Kripke Identity and Necessity

One of Kripke's main questions is "Can there be contingent identity statements? (Contingent just means, not necessary, and so the question is the same as "Are all true identity statements necessary?)

Is that a question about language or a metaphysical question? There is certainly a trivial sense in which it's a question about language—as phrased, it is about statements. However, the real question is whether there could be things that are distinct but could have been identical or a thing that could have been several.

Our answer to the linguistic question is going to be deeply tied to answers to metaphysical questions about how objects might differ from the way in which they actually are.

If that is what Kripke is interested in (and he was, in fact, originally interested in the issues in the article because he was interested in whether mind and brain could be the same), why does he talk about identity statement instead? Why, that is, does Kripke employ (as Quine has suggested) what Quine calls "semantic ascent"? One part of the reason is to avoid getting tangled in Plato's beard, but that is only part of why Quine suggests the strategy: it is a way of avoiding getting tangle in all sorts of issues about how to correctly express what you mean. The issues are subtle and concern aspects of things we aren't accustomed to talking about, and so we don't have a good vocabulary for discussing them. Words, on the other hand, are relatively straightforward things, right there on the page, and much easier to talk about.

Quine's Descriptivism

In "Ontological Relativity," Quine argues that the references of our words are profoundly indeterminate by arguing that everything we say, all of our descriptions has multiple interpretations on which exactly the same sentences come out true. On some of them, "rabbit" refers to rabbits, while on others "rabbit" refers to undetached rabbit parts. What is preserved in all the alternatives? The language, the descriptions used. Quine argues that we don't know what rabbits are by arguing that all of our descriptions of rabbits fail to say unambiguously what rabbits are.
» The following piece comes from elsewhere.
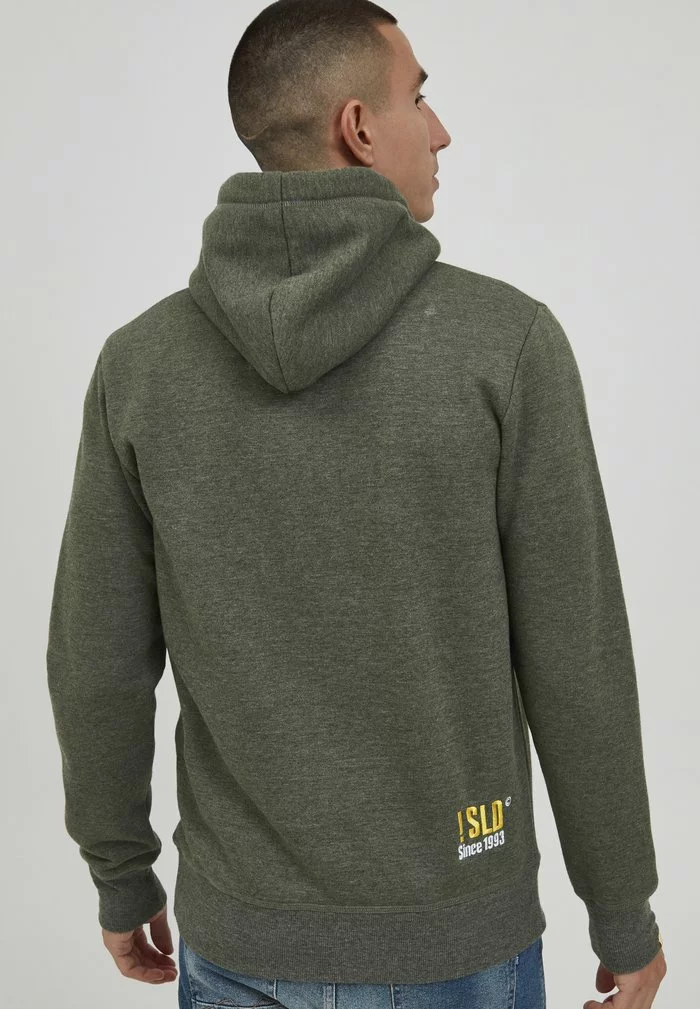 Solid SDBENN - Sweat à Capuche Zippé - Grey Denim 3 Solid SDBENN - Sweat à Capuche Zippé - Grey Denim – Image 3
Many philosophers, and others, had thought that we knew what rabbits are in a quite different way: we have some rabbits around, as "samples." Quine seems to disallow that as a way of learning about rabbits, and many philosophers, cowed by Quine, consented. Kripke in today's reading is arguing against (Quine's) descriptivism, that is, against the view that getting all of the assents and dissents to language correct is enough. He, nearly single-handedly, opposed descriptivism, and many, perhaps most philosophers have now signed on.

Kripke focuses the whole debate on names, and only later generalizes. How do we know to what a name refers? According to Quine, we see the name used in association with lots of descriptions, and that gives us the name. Kripke thinks that names "tag" (Ruth Marcus) objects: that a name can be just tied to an object not in virtue of any description.

So, the debate is, to a first approximation, whether names are abbreviated descriptions (like "Pegasus" abbreviates "Pegasizes") or tags.

Quine has argued that we should always take names to be abbreviated descriptions, largely to avoid Plato's beard. Kripke says that that is not adequate when we discuss counterfactuals. (A "counterfactual" is a statement about what things would be like in some situation that actually hasn't or won't happen.) Kripke thinks that when we say, for example, "Shakespeare might not have written Hamlet," it is clear that we intend to be saying something about Shakespeare, the bard himself, not just about someone who happens to Shakespearize. Quine's view loses something important, namely, the ability to contemplate counterfactual about particular individuals, not about mere descriptions. One way to make that clear might be to consider the claim that "Nothing that is actually true of Shakespeare (no description of him) had to be true of him, and so Shakespeare might have been so completely different that no description would necessarily pick him out." If that were true, Kripke would clearly win, since Quine would have no hope of being able to express that. Kripke doesn't, in fact, believe that, and so he attacks in slightly less direct way. He claims that names often function as rigid designators that pick out the object they name not in virtue of any description.


If a name isn't stuck onto an object in virtue of a description, what "glues" it there? Kripke talks about "baptisms." When you name an object, you need to indicate what object you are naming somehow (pointing, describing, ostending, dunking, …). But, once the object has been named, the name sticks to it because it is the same object. How can I use a name for an object I've never seen? Because I acquire the name from someone who has. Each use of a name names the object it does because there is a causal chain between the use and the object.

What can Quine say against that? It won't work for abstract objects, and, since all objects are to some degree like abstract ones, it doesn't work at all.

Kripke mentions "natural kinds" as abstractions that Quine can't handle.